Previous year's winners include Vernon Rapley (2009), Charlie Hill (2010), and Paolo Giorgio Ferri (2011).

Kriminalhauptkommissar (translated to English as Chief Detective) Ernst Schöller works for the Landeskriminalamt Baden-Württemberg (the State Criminal Investigations Department of Baden-Württemberg).  He is also a scholar specializing in investigating forgery cases.


Last year Schöller helped in the case of the German forgery run by Wolfgang Beltracchi  (interviewed this month by Spiegel) that sold falsely attributed artworks with fake provenance internationally to buyers, including actor Steve Martin.  He worked to retrieve the fake copy of the painting, La Horde, falsely attributed to artist Max Ernst.  The forged "La Horde" was sold to a German collector in 2006 for around 3.5 million pounds.


Kriminalhauptkommissar Schöller described his other investigations:
Wolfgang LÄMMLE faked works by artists of the “south German school” and of the so-called “classic Modern Art” with over 500 paintings and prints. (1988-1990).
KonradKUJAU, the well- known as forger of the “Diaries of Adolf Hitler" in the 1980s as well as forger of paintings and drawings till his death in 2000.
Geert Jan JANSEN, alias Jan van den Bergen was searched by the Netherland authorities for 10 years. He lives as "Jan van den Bergen" in France (Orleans, Poitiers) with his girl friend. (1994-95) 
Leon AMIEL - publisher in New York, a great success of the “New York postal inspection service“ in 1992-93. On one day there were sequestered more than 83.000 faked prints (etchings, lithographs, wood cuts….) from Dali, Miro, Chagall and Picasso. 
Alexej JAWLENSKY - Exhibition at the “Folkwang Museum“ in Essen in the year 2000, 108 of 150 exhibited works were faked, totally there were nearly 600 fakes, drawings and watercolors, each described in the cataloque raisonnee (Volume 5, Beck, Munich). They were retired  2005. 
Alberto GIACOMETTI - Investigations of the LKA Stuttgart,  with the seizure of more than 1200 sculptures (bronzes and plasters) of A. Giacometti in a worth of 250-300 millions of Euros. The actors were convicted in 2011 and in 2012 received up to 9 years from District Court of Stuttgart.
Schöller wrote in an acceptance email that he is looking forward to attending ARCA's International Crime Conference in Amelia this June. 

April 2, 2012

Spain reports recovery of two first-century Roman bronzes looted from archaeological site


The Roman bronzes recovered in Spain were about 5 feet tall.
(Photo via The Archaeology News Network)
Courtesy of Museum Security Network (MSN): An English-language news website in Spain, The Olive Pressreported that a pair of looted first century Roman bronze statues were 'rescued' in southern Spain before they could be illegally sold for half of their 6 million Euro value.

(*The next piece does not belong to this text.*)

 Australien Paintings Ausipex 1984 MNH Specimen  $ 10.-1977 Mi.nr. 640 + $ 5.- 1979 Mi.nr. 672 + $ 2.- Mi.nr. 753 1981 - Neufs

The bronze statues found in Jaen, a small town near Córdoba in Andalusia, reported The Olive Press "were taken from the ancient Roman site Sacilis Marcialis and are believed to form part of the Castor and Polix sculpture in Córdoba:
The statues, 1.50m and 1.30m in size, depict two naked males, with each piece weighing about 30 kilos and in a good state of conservation, although one has lost part of his chest and the other his genitals.
The Olive Press reports that according to the police commissionar Daniel Salgado, the figures were to be sold by two brothers at an finca (estate) in Pedro Abad in Cordoba "to an Italian buyer via an intermediary".  Interpol is now hunting for the buyer, according to the article.

One of the brothers has also been arrested and two other people charged with a crime against heritage and the attempted smuggling of historic property.  The statues will now be taken to the Cordoba Museum to be restored.

April 1, 2012

Palmyra and other Syrian Cultural Heritage at Risk During Armed Conflict; UNESCO asks Syrian authorities to respect international cultural property protection conventions they have signed since 1954

by Catherine Sezgin, ARCA Blog Editor-in-Chief

Since early March, archaeologists, government officials and Syrian expatriates have been alarmed at the threat to cultural property sites in Syria after more than a year of civil conflict.  UNESCO has issued a request to the Syrian authorities to protect their cultural heritage in accordance with the international cultural property protection conventions they have signed since 1954.

Global Heritage Fund blogged on March 5, 2012 that the Syrian army was attacking Palmyra's Roman Ruins.  According to the report, the Syrian army has set itself up in a hilltop citadel and firing into the ancient ruins. 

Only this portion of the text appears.